When tracing the above assembly code, consider whether the data being accessed represents an address or a value. For example, the instruction at <sumArray+11> results in %rbp-0x4 containing a variable of type int which is initially set to 0. In contrast, the argument stored at %rbp-0x18 is the first argument to the function (array) which is of type int * and corresponds to the base address of the array. A different variable (which we call i) is stored at location %rbp-0x8. Lastly, note that size suffixes are included at the end of instructions like add and mov only when necessary. In cases where constant values are involved, the compiler needs to explicitly state how many bytes of the constant are being moved.

The astute reader will notice a previously unseen instruction at line <sumArray+30> called cltq. The cltq instruction stands for "convert long to quad" and converts the 32-bit int value stored in %eax to a 64-bit integer value that is stored in %rax. This operation is necessary because the instructions that follow perform pointer arithmetic. Recall that on 64-bit systems, pointers take up 8 bytes of space. The compiler’s use of cltq simplifies the process by ensuring that all data are stored in 64-bit registers instead of 32-bit components.

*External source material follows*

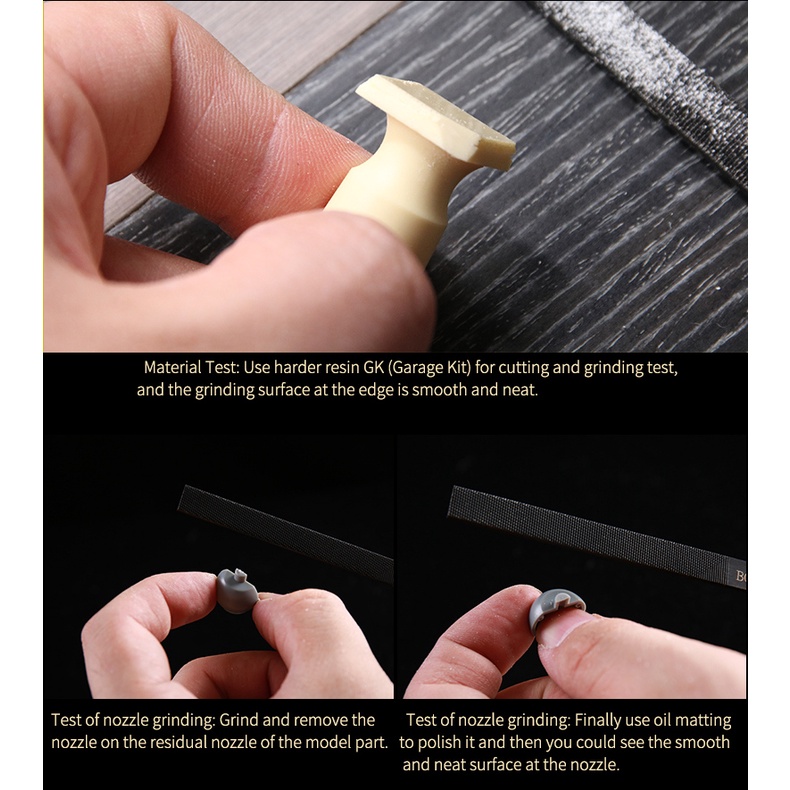 Dụng cụ mô hình Dũa nhám mài mịn hobby Border BD0039 Hsiang model tool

Let’s take a closer look at the five instructions between locations <sumArray+32> and <sumArray+49>:

<+32>:	lea    0x0(,%rax,4),%rdx       # copy i*4 to %rdx
<+40>:	mov    -0x18(%rbp),%rax        # copy array to %rax
<+44>:	add    %rdx,%rax               # add i*4 to array (i.e. array+i) to %rax
<+47>:	mov    (%rax),%eax             # dereference array+i*4, place in %eax
<+49>:	add    %eax,-0x4(%rbp)         # add %eax to total (i.e. total+=array[i])

Recall that the compiler commonly uses lea to perform simple arithmetic on operands. The operand 0x0(,%rax,4) translates to %rax*4 + 0x0. Since %rax holds the value i, this operation copies the value i*4 to %rdx. At this point, %rdx contains the number of bytes to calculate the correct offset of array[i] (recall that sizeof(int) = 4).

The next instruction (mov -0x18(%rbp), %rax) copies the first argument to the function (the base address of array) into register %rax. Adding %rdx to %rax in the next instruction causes %rax to contain array+i*4. Recall that the element at index i in array is stored at address array + sizeof(T) * i Therefore, %rax now contains the assembly level computation of address &array[i].

The instruction at <sumArray+47> dereferences the value located at %rax, placing the value of array[i] into %eax. Notice the use of the component register %eax, since array[i] contains a 32-bit int value! In contrast, the variable i was changed to a quad-word on line <sumArray+30> since i was about to be used for address computation. Again, addresses are stored as 64-bit words.

Lastly, %eax is added to the value in %rbp-0x4, or total. Therefore, the five instructions between locations <sumArray+22> and <sumArray+39> correspond to the line total += array[i] in the sumArray() function.